**TASK DIRECTIONS:**
Without any of the pictures, transcribe all the lines below exactly.

(Image-text web data)

================================

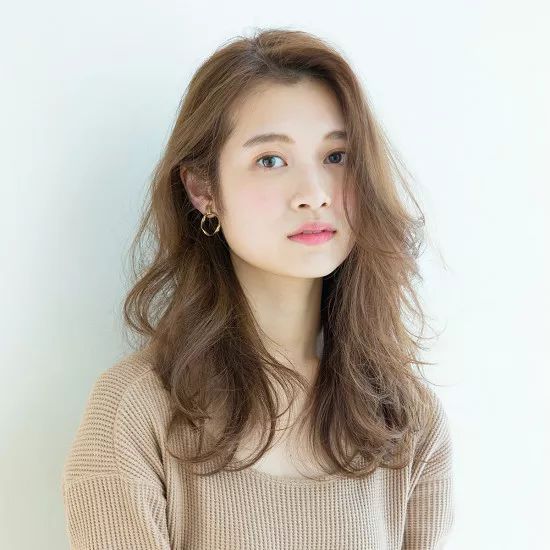 刘海|这几款短发发型，新手也能自己扎~风靡日本秋冬人气发型18款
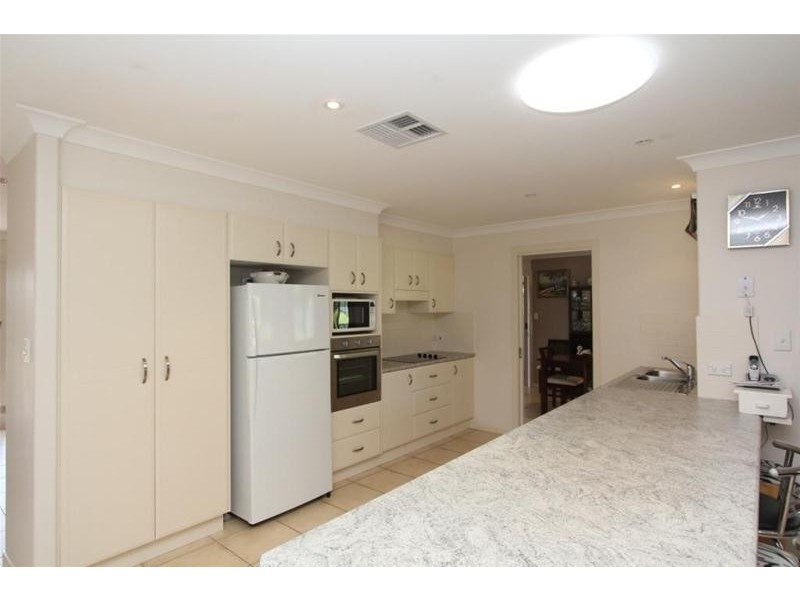 8 Diamentina Way, Laurieton NSW 2443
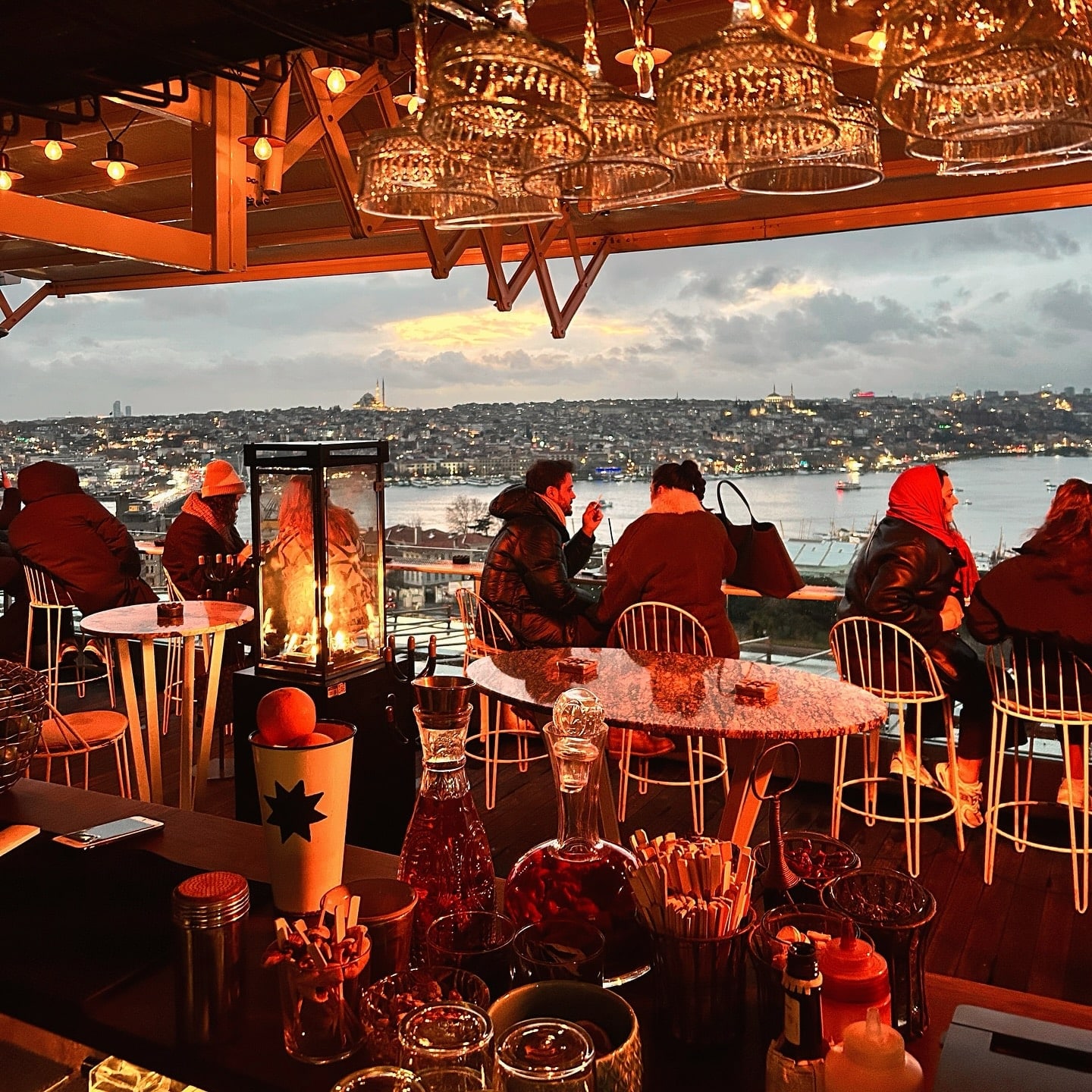 Monkey İstanbul, Şişhane mekânından bir kare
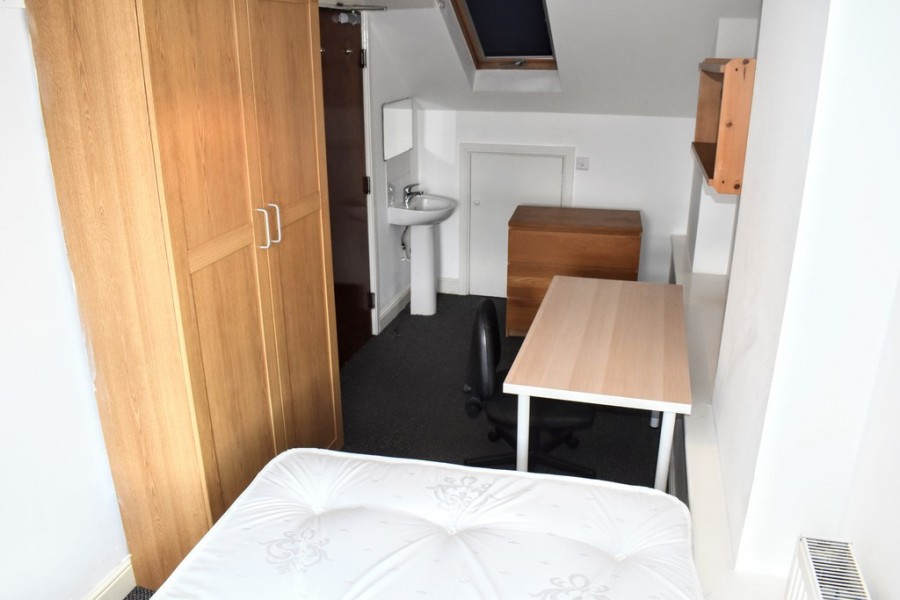 Images for Moseley Road, Fallowfield, Manchester EAID:b3a365785e0c608c1a78df24ce0289fd BID:1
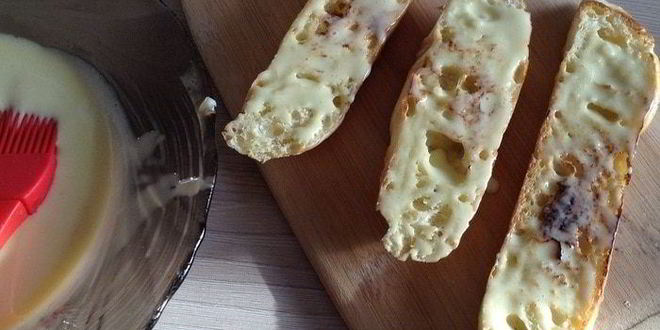 Рецепт брускетт с крабовыми палочками, айоли и огурцом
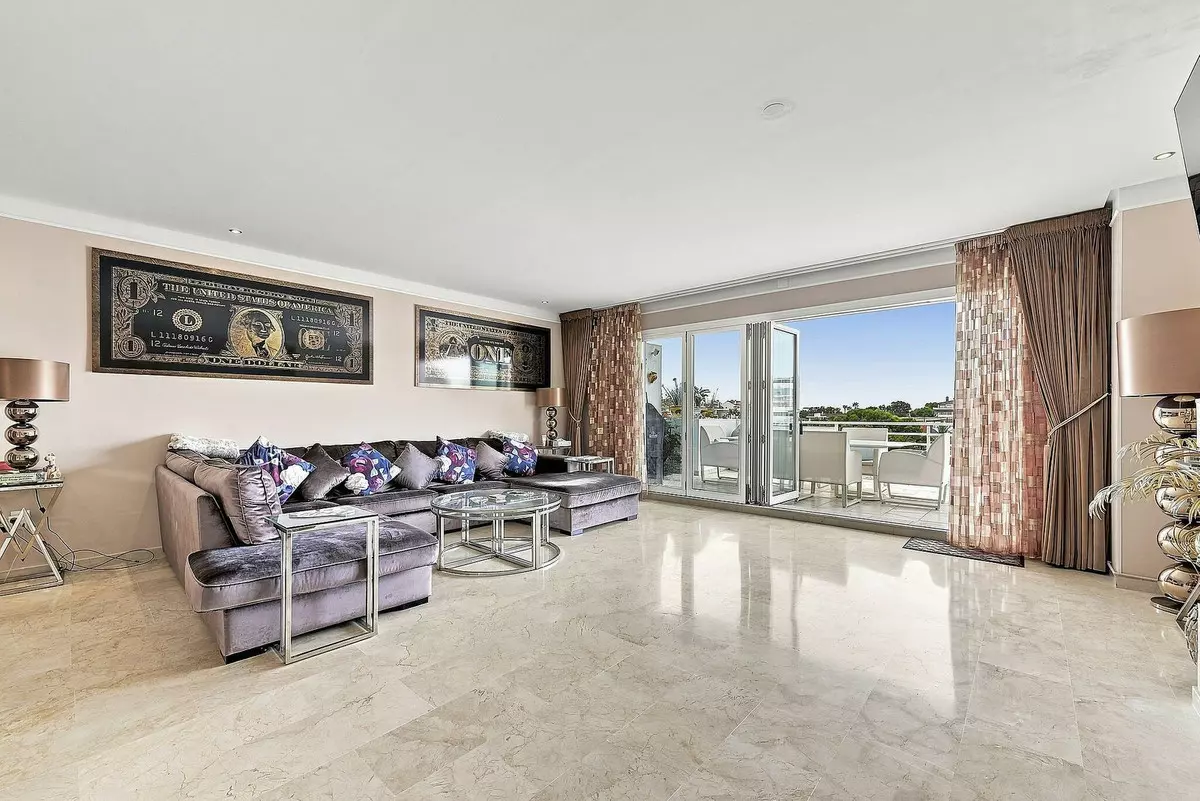3-bedroom Apartment In Benalmádena, Spain (134 M²)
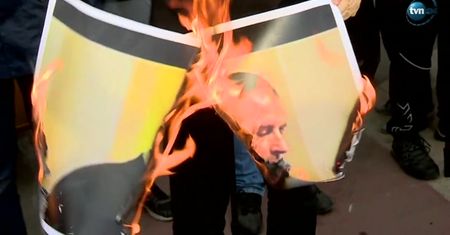 ONR pali podobizny prof. Baumana i Rafała Dutkiewicza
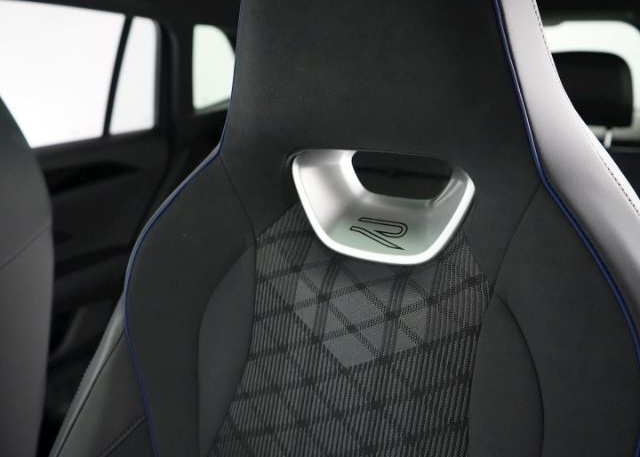 Volkswagen Tiguan R-LINE TSI DSG 4MOTION+AHK+MATRIX LED+NAV foto 23
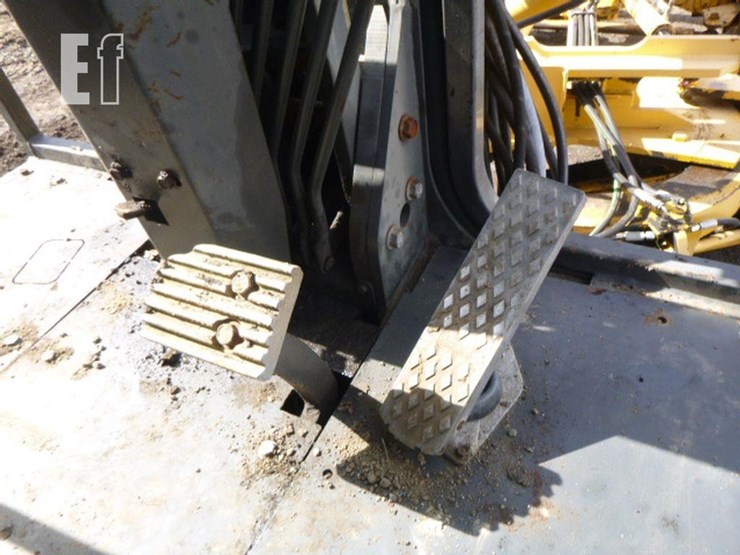 2004-volvo-g86-image-8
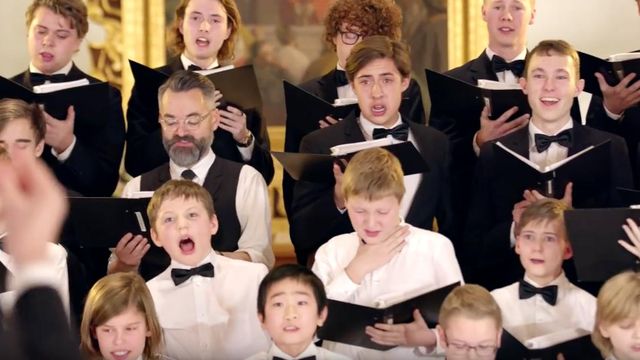 A Choir Ate The Worlds Hottest Chili Peppers And Tried To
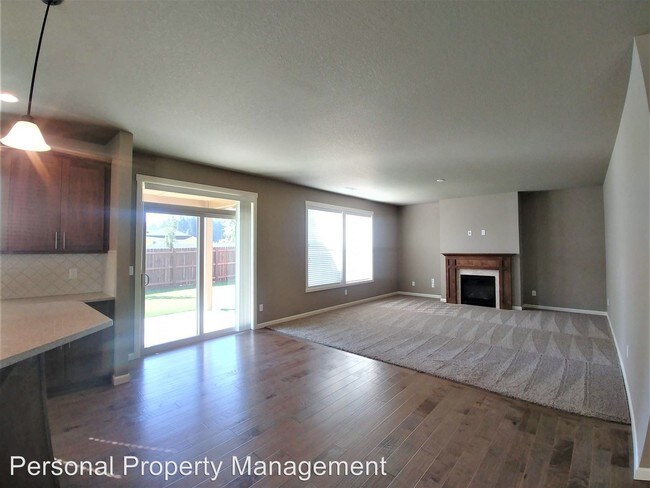 Building Photo - 4 br, 2.5 bath House - 7013 NE 134th St.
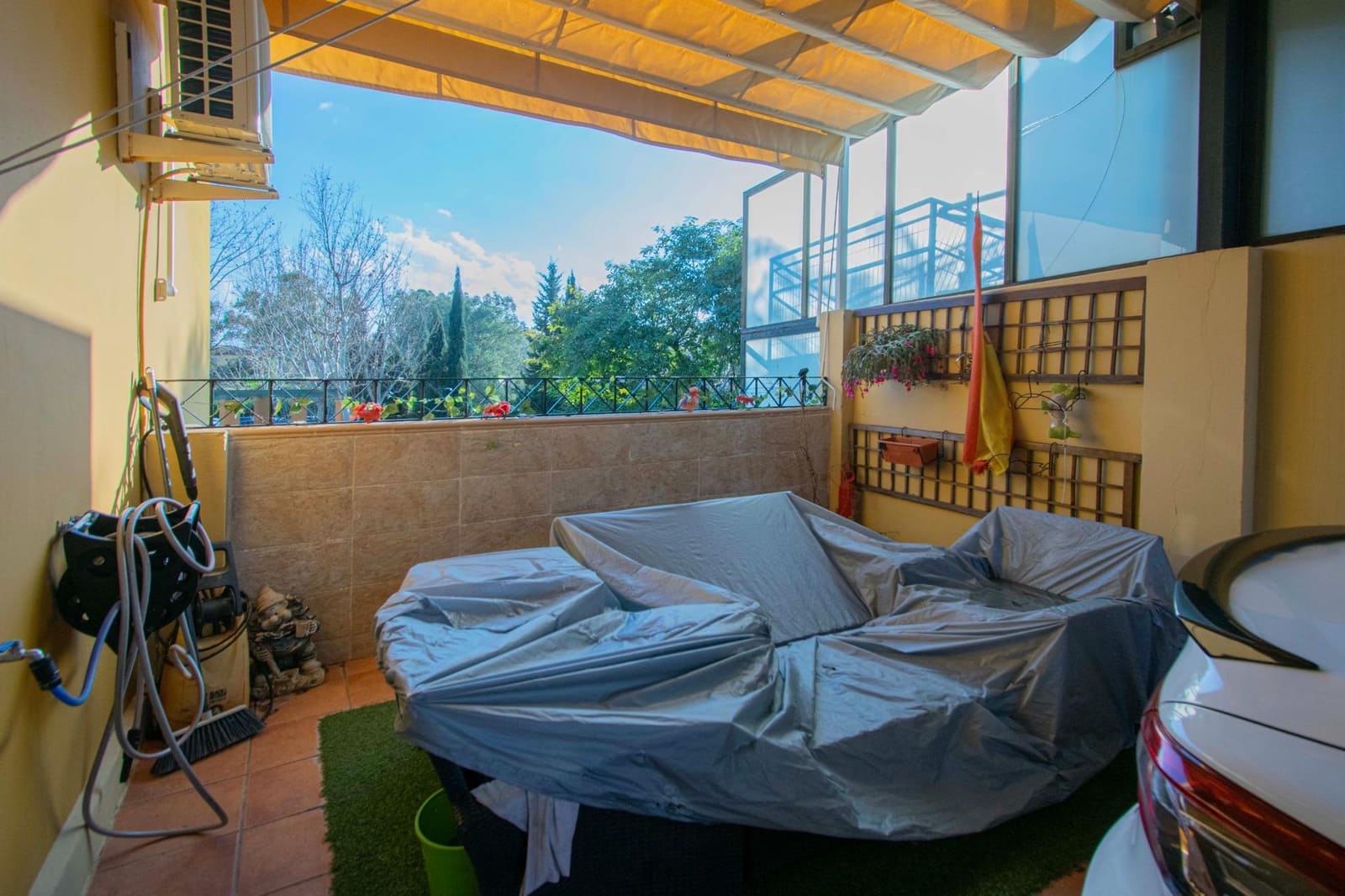 4 soveværelse Semi-Rækkehus til salg i Alcala de Guadaira med swimmingpool - € 398.000 (Ref: 8806257)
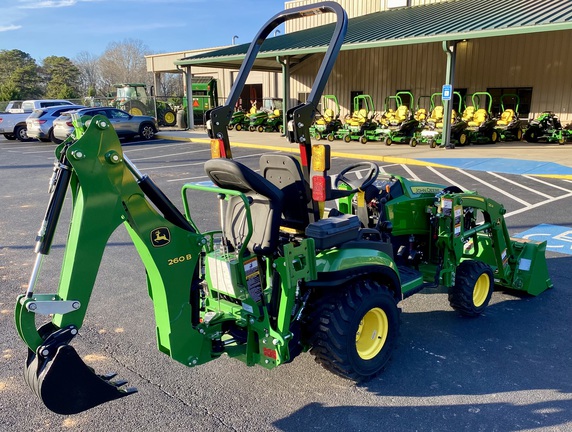 2024 John Deere 1025R Photo 1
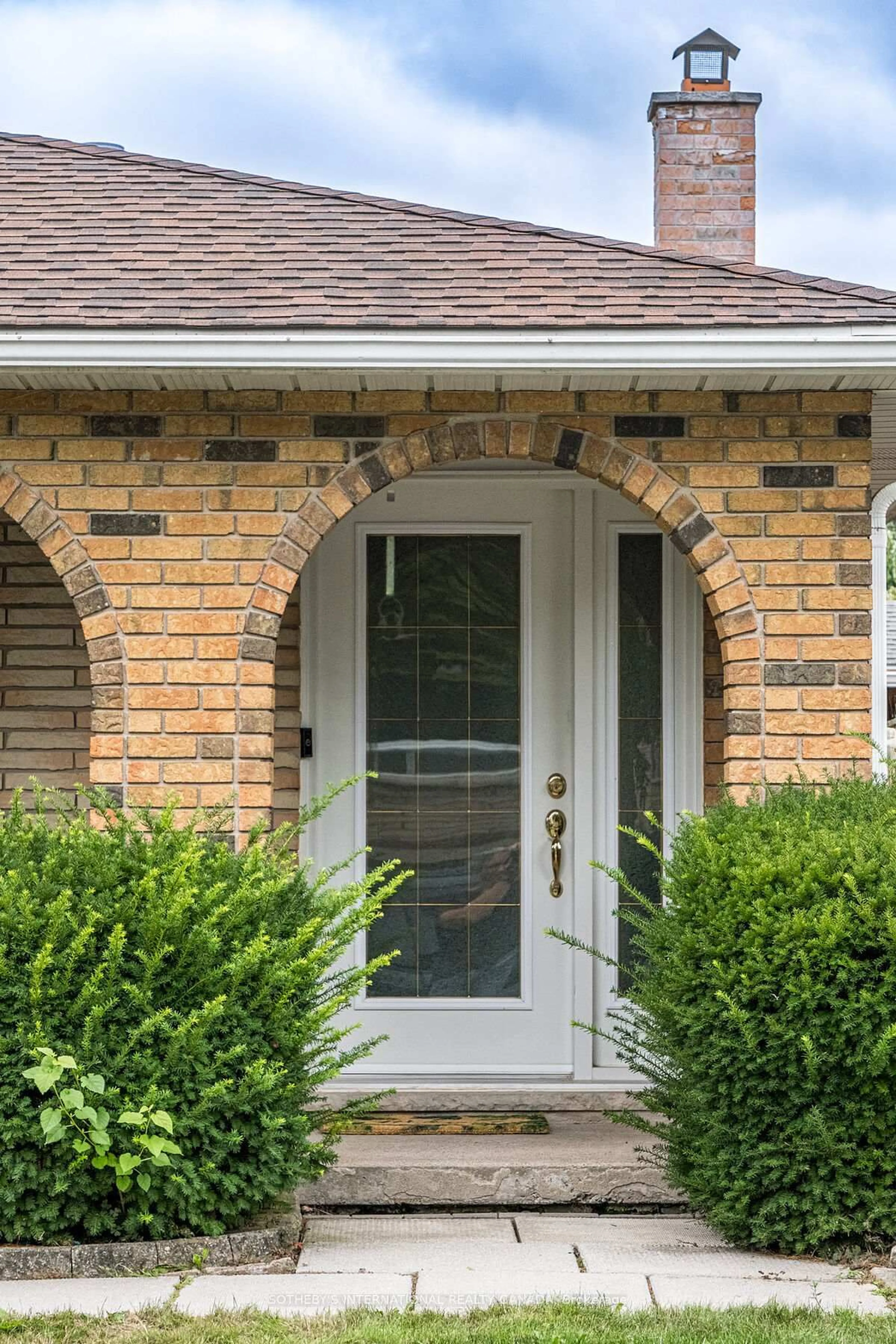 Home with brick exterior material, street for 87 Bridlewood Dr, Welland Ontario L3C 6H3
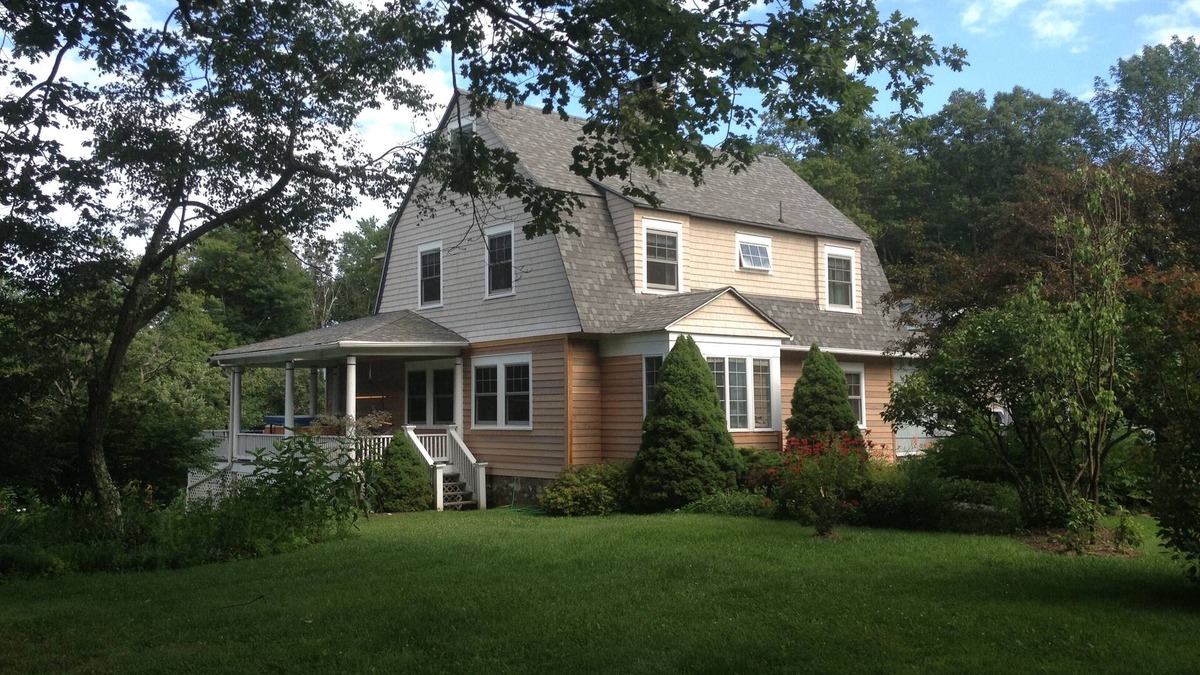 Cragsmoor House | Great Escape to Convene with Friends & Family w/Hot Tub & Many Decks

================================

**COMPLETED EXERCISE:**
 刘海|这几款短发发型，新手也能自己扎~风靡日本秋冬人气发型18款
 8 Diamentina Way, Laurieton NSW 2443
 Monkey İstanbul, Şişhane mekânından bir kare
 Images for Moseley Road, Fallowfield, Manchester EAID:b3a365785e0c608c1a78df24ce0289fd BID:1
 Рецепт брускетт с крабовыми палочками, айоли и огурцом
3-bedroom Apartment In Benalmádena, Spain (134 M²)
 ONR pali podobizny prof. Baumana i Rafała Dutkiewicza
 Volkswagen Tiguan R-LINE TSI DSG 4MOTION+AHK+MATRIX LED+NAV foto 23
 2004-volvo-g86-image-8
 A Choir Ate The Worlds Hottest Chili Peppers And Tried To
 Building Photo - 4 br, 2.5 bath House - 7013 NE 134th St.
 4 soveværelse Semi-Rækkehus til salg i Alcala de Guadaira med swimmingpool - € 398.000 (Ref: 8806257)
 2024 John Deere 1025R Photo 1
 Home with brick exterior material, street for 87 Bridlewood Dr, Welland Ontario L3C 6H3
 Cragsmoor House | Great Escape to Convene with Friends & Family w/Hot Tub & Many Decks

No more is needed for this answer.